Over 750 people congregated in MacEwan Hall on Tuesday to hear an impassioned speech from George Galloway, the outspoken former British politician currently embarking on a cross-Canada speaking tour. The controversial anti-war activist criticized the Canadian government and Canadian media on subjects ranging from his suspension from Canada, to the war in Afghanistan and the Israel-Palestine conflict.
A staunch defender of Palestine, Galloway was refused entry by the Canada Border Services Agency in 2009 after donating money to Hamas. The decision was recently overturned but Galloway still had harsh words for Jason Kenney, the Calgary MP responsible for his suspension.
"So Mr. Kenney, you'd be better to meet me man-to-man and resolve it, because if you don't the courts will," Galloway said.
The federal immigration minister had been sent numerous invitations to the public speaking event but his reserved seat remained empty.

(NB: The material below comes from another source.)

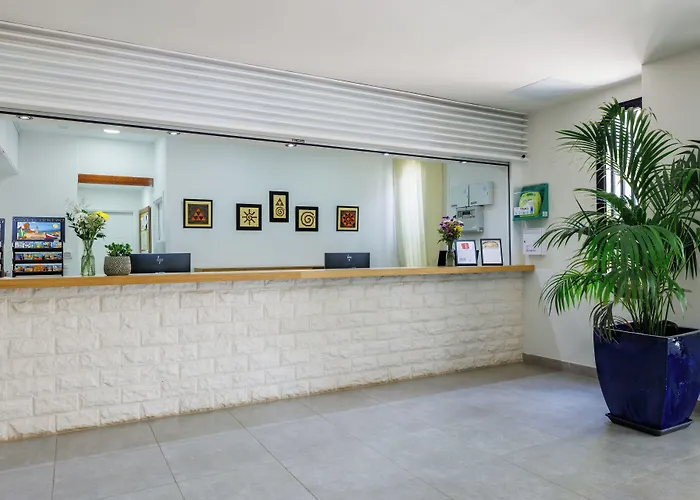 Aparthotel Hapimag San Agustin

"I'm not going to let it rest," Galloway announced to cheers from the largely sympathetic crowd. "Because Canada remains a country governed by law, not by the whim of here today, gone tomorrow."
"What's gone wrong with Canada?" was a major theme of Galloway's speech as he waxed nostalgic about the country he dealt with frequently during his 25 years in the British Parliament.
"How did a country that was loved, respected, admired in the world . . . how did a country like Canada, once regarded as the kinder, gentler North-American state, turn into the Alamo, the last ditch, dead-end, voodoo diplomatics of a George W. Bush government here in Ottawa?" asked Galloway. "I don't understand how that could have happened."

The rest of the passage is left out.